The increasing political unrest in Belgium caused her to decide to return to Paris. She was engaged by the Paris Opera and first performed there as the Countess in Rossini's Le comte Ory on 9 November 1830. Later she created roles in the world premieres of several notable operas, including Alice in Giacomo Meyerbeer's Robert le diable on 21 November 1831, Oscar in Daniel Auber's Gustave III, Pauline in Gaetano Donizetti's Les Martyrs (the French version of Poliuto), Princess Eudoxie in Fromental Halévy's La Juive, Ginevra in Halévy's Guido et Ginevra, Marguerite de Valois in Meyerbeer's Les Huguenots, and Teresa in Berlioz's Benvenuto Cellini.
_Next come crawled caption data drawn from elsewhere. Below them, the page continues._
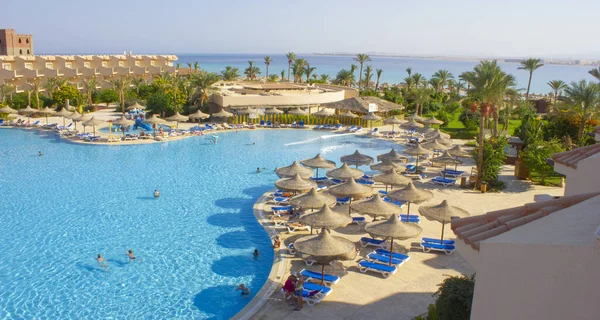 День Конституції Єгипту Вересня 2012 Готель Dessole Pyramisa Beach Resort — стокове фото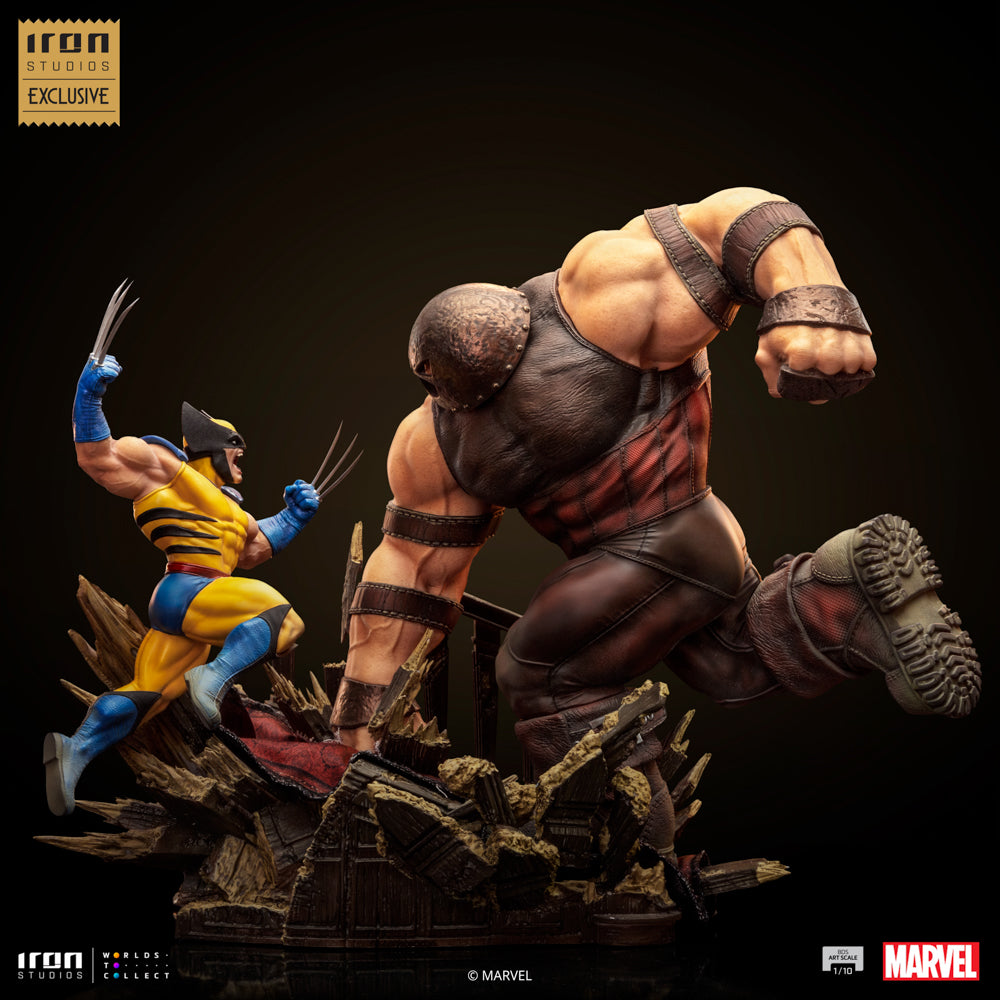 Estátua Juggernat vs Wolverine 10th Anniversary - Marvel - Art Scale 1/10 - Iron Studios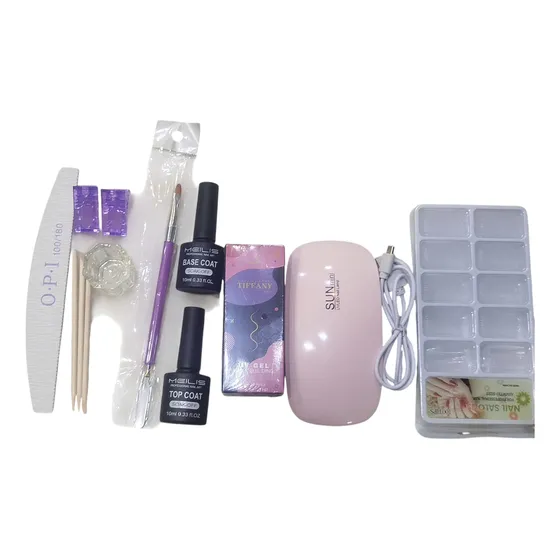 Kit Básico Para Polygel, Sistema, Molde Dual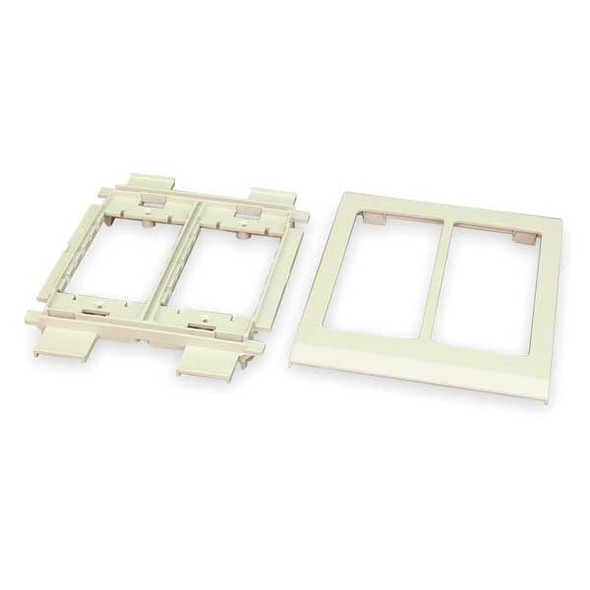 Legrand Device Bracket, 4 3/4 in W, 7/16 in H, 6 in L, Gray G4050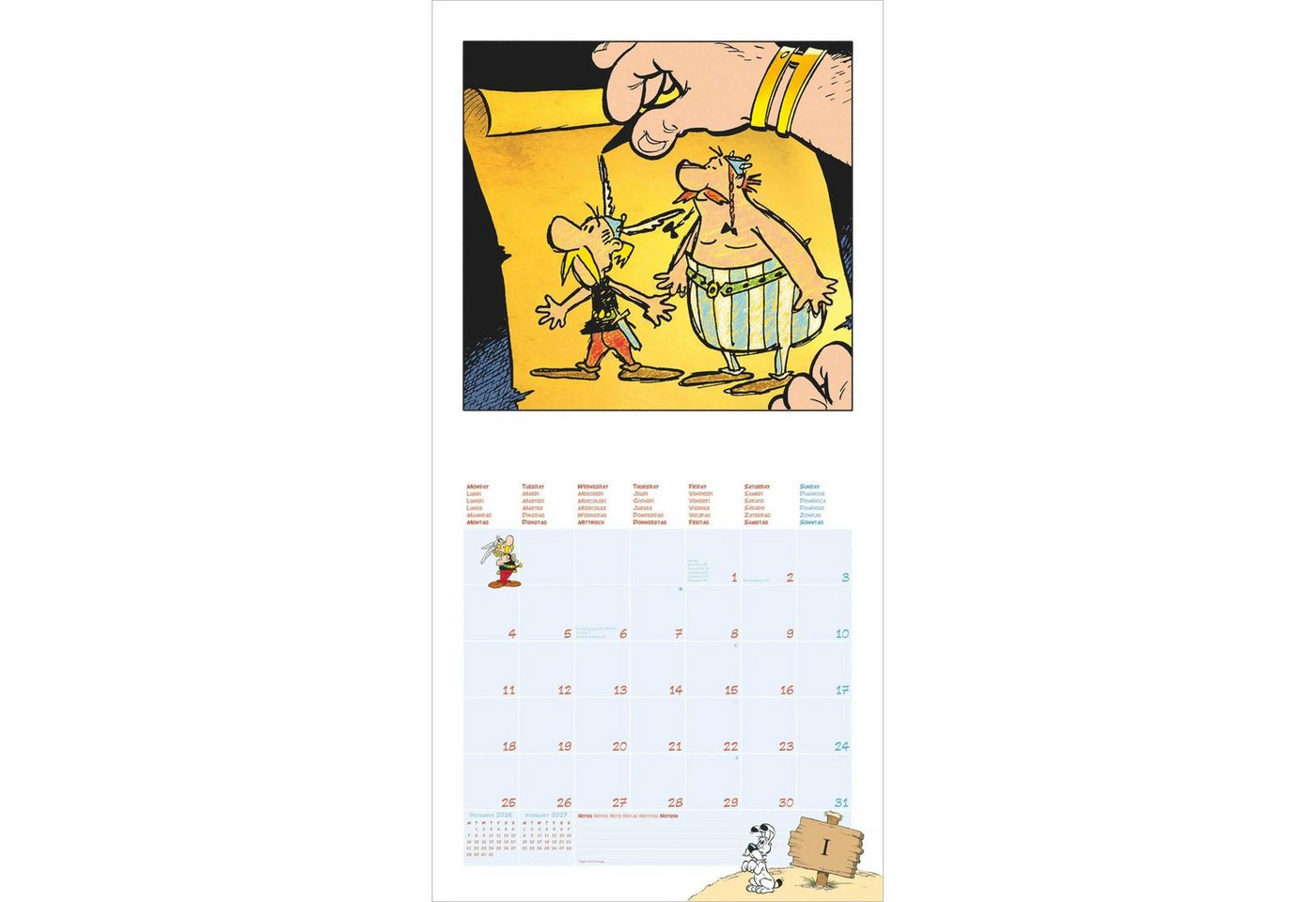 Wandkalender Asterix & Obelix 2027 Bild 2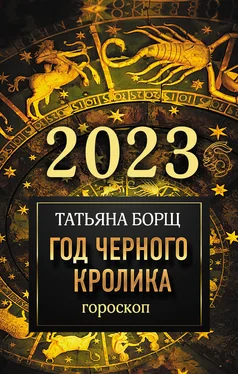 Татьяна Борщ Гороскоп на 2023. Год Черного Кролика обложка книги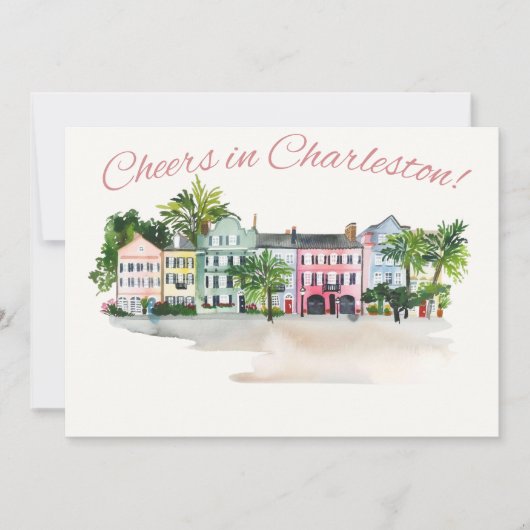 Invitation Charleston Caroline du Sud (Devant)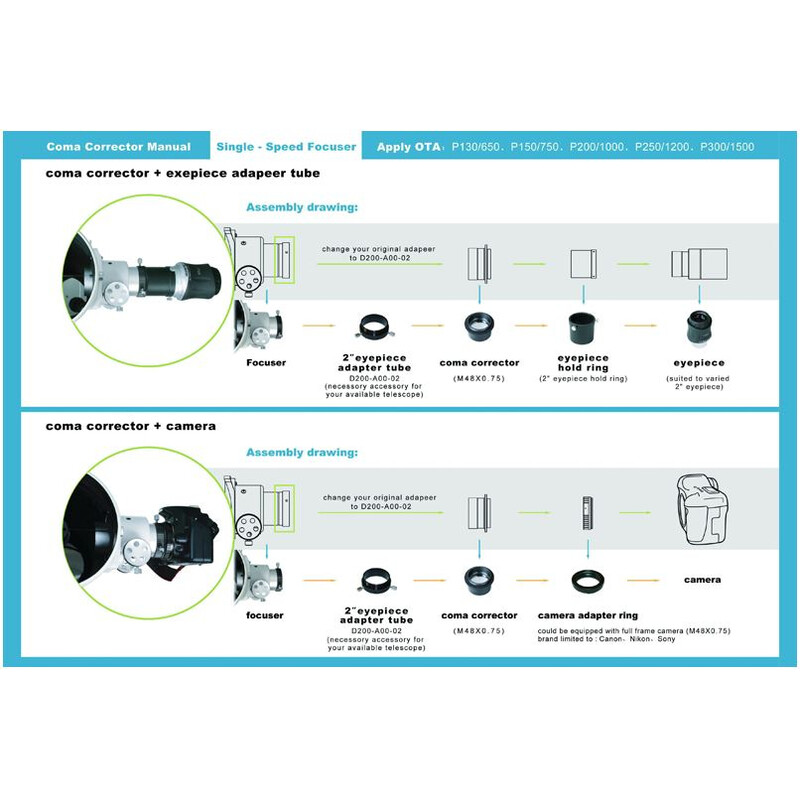 Skywatcher Komakorrektor 1.0x 2"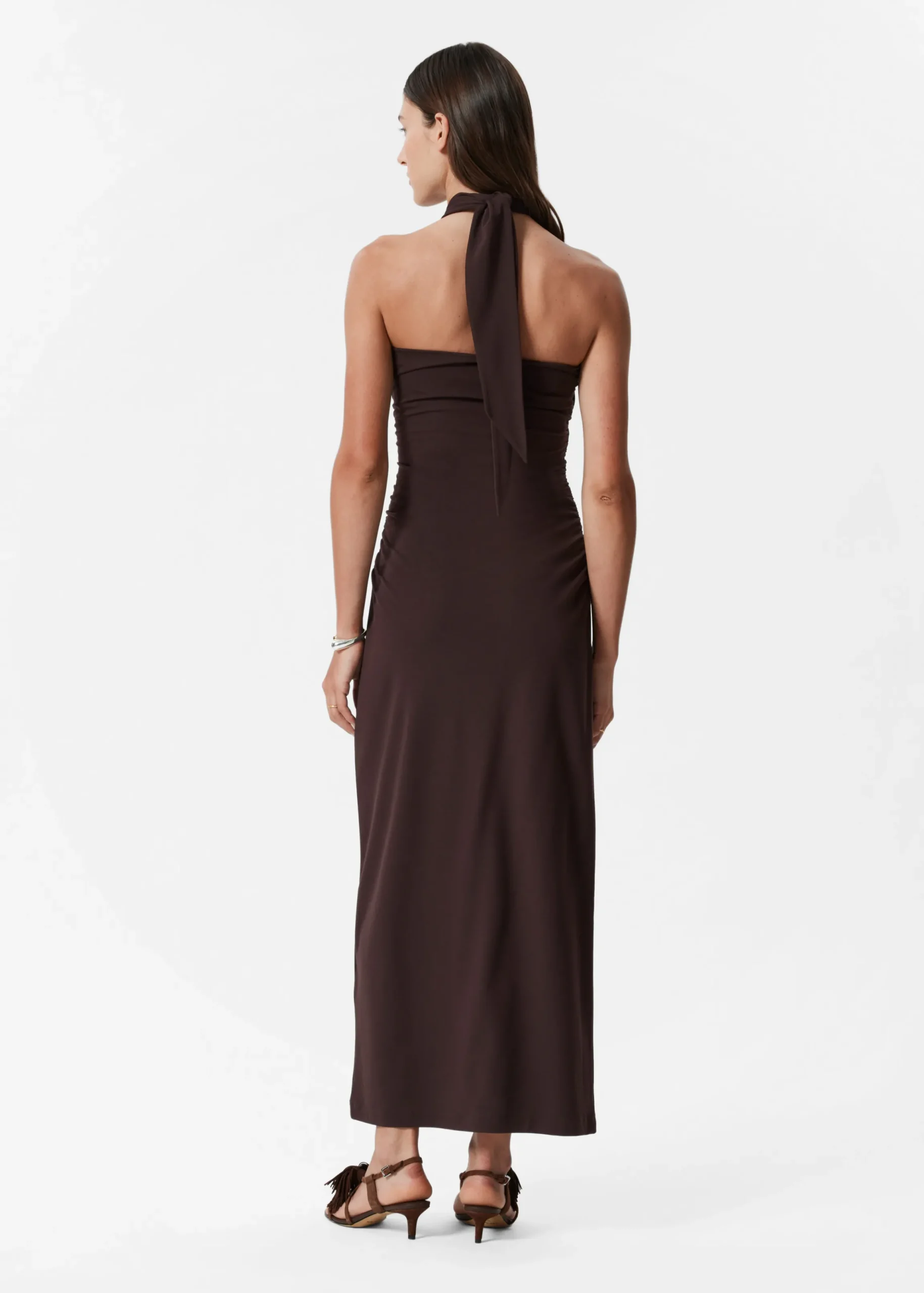 Neckholder-Midikleid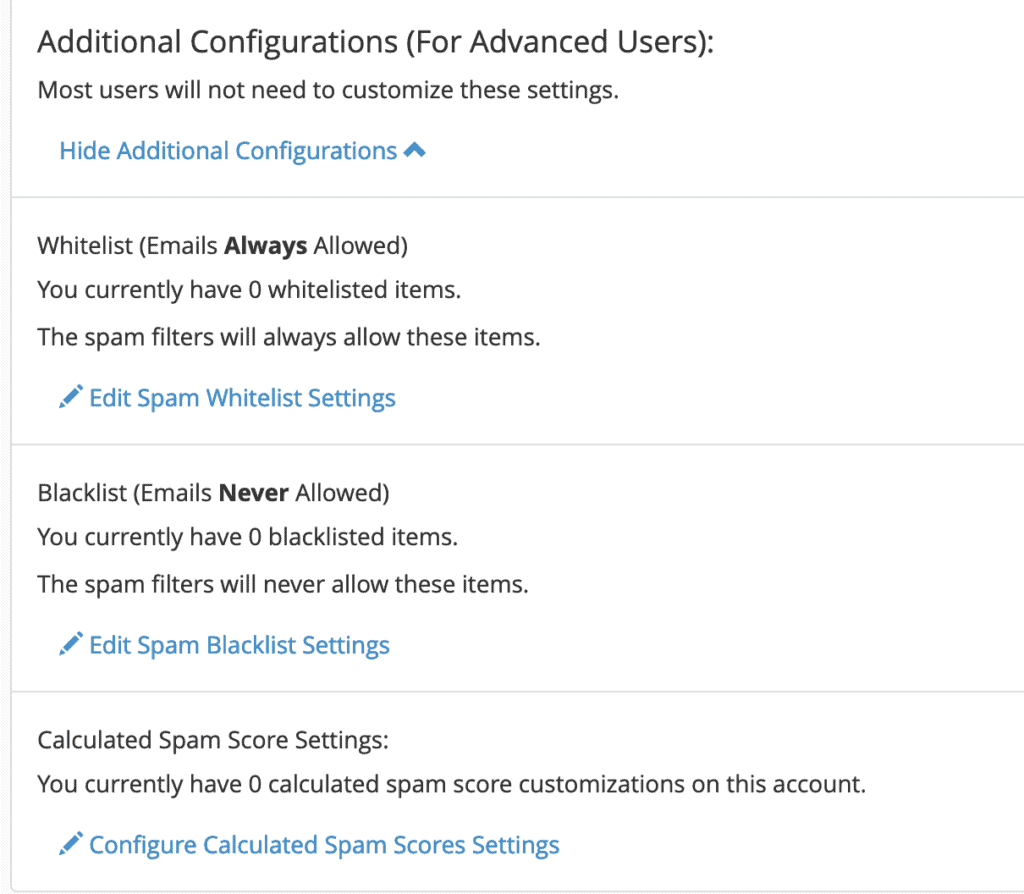 Additional Configurations | BigCloudy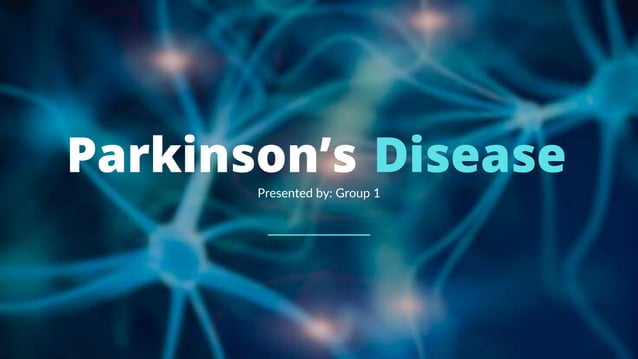 Parkinson S Disease Pptx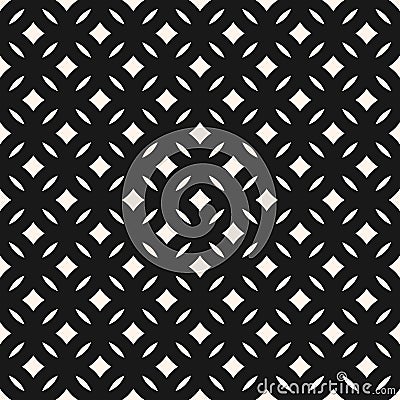 Vector geometric seamless pattern with grid, lattice, mesh. Vector Illustration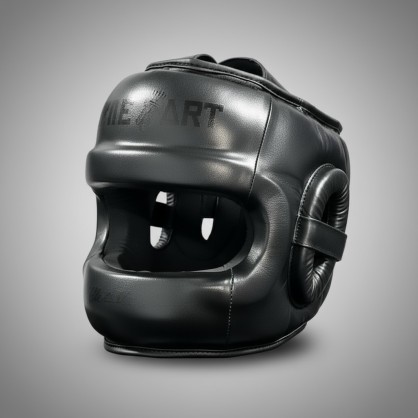 Brave Art Leather Boxing Headgear with Nose Guard – BAHGNPFB
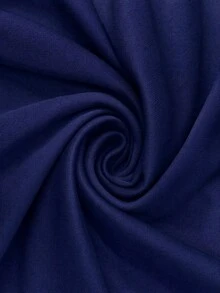 SHEIN Clasi Kaos Wanita Polos Kasual Serbaguna untuk Pemakaian Sehari-hari - Royal Blue - View 3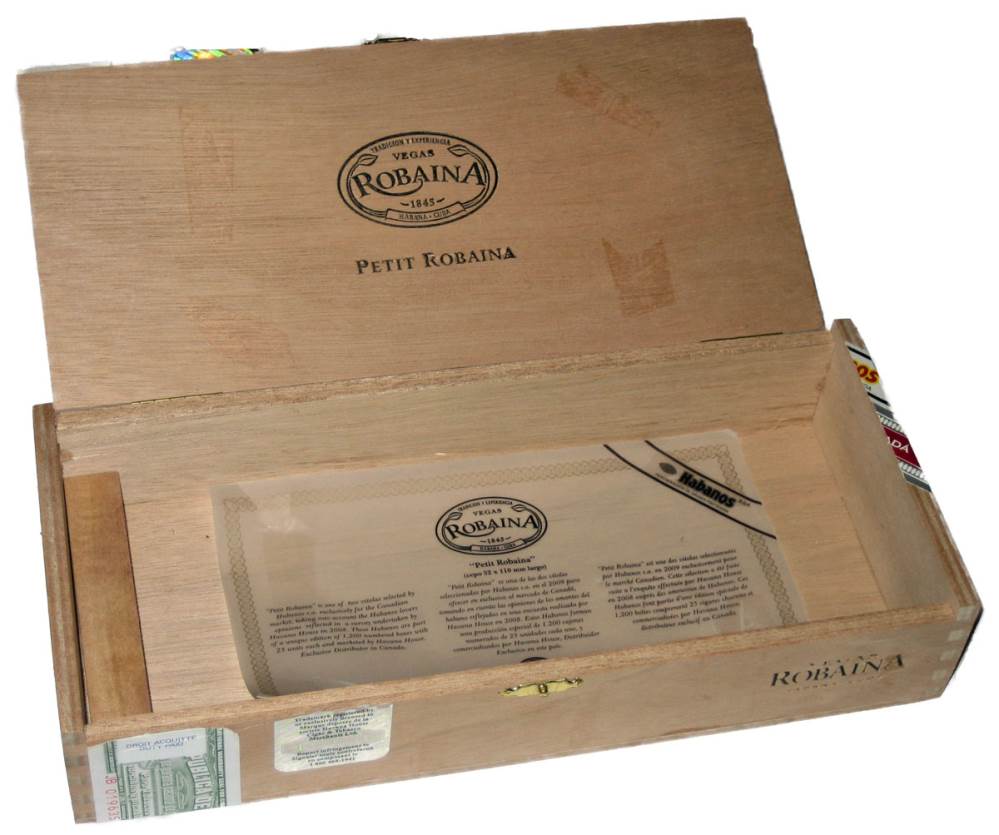 Vegas Robaina Edición Regional Canadá packaging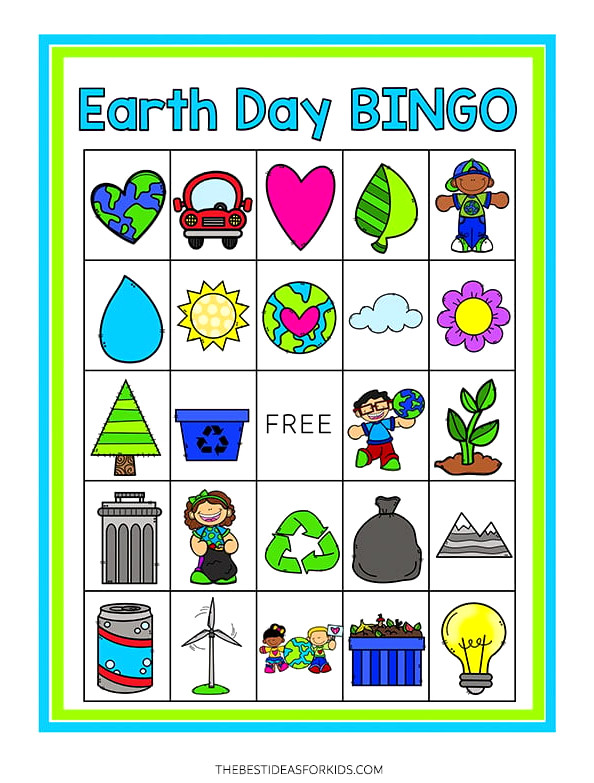 Free Printable Earth Day Bingo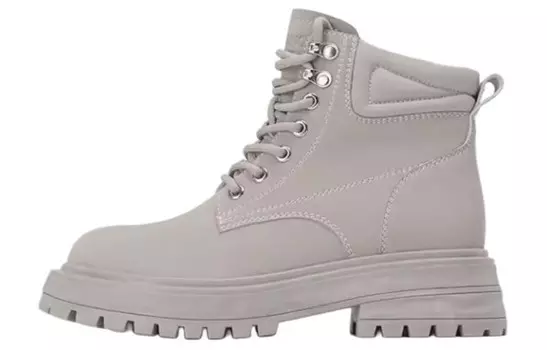 Ботинки Martin женские серый Aokang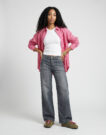 Le Temps des Cerises Grigio Jeans larghi Abbigliamento - 2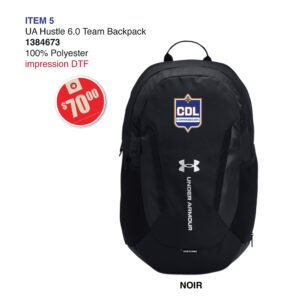 Item 05 Collège de Lévis Commandeurs Backpack 1384673 2026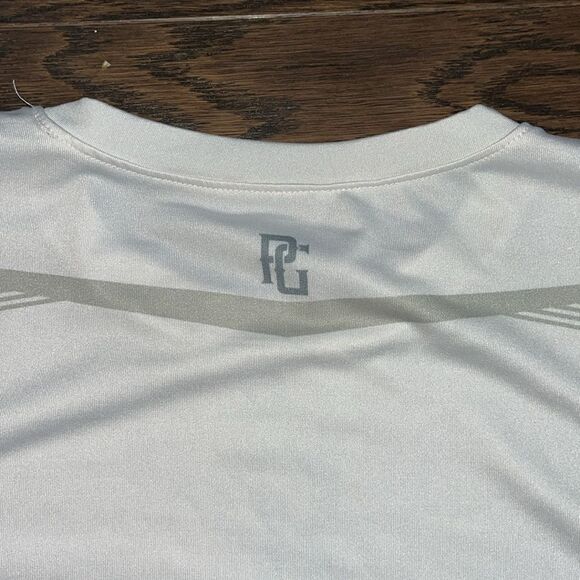Russell PERFECT GAME men’s white Dri-Power Baseball 3/4 sleeve practice shirt - Picture 4 of 5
Dorus appeared in concert in London in 1839 and sang the title role of Lucia di Lammermoor, in English, at London's Drury Lane Theatre, conducted by Berlioz, in 1847. In 1849 she appeared in some of her most famous roles in French opera at the Royal Opera House, London, and was praised by music critic Henry Chorley as "an excellent artist, with a combined firmness and volubility of execution which have not been exceeded, and were especially welcome in French music".

Dorus acquired the name Gras on 19 April 1833, when she married one of the leading violinists in the orchestra of the Paris Opera. She died in Paris.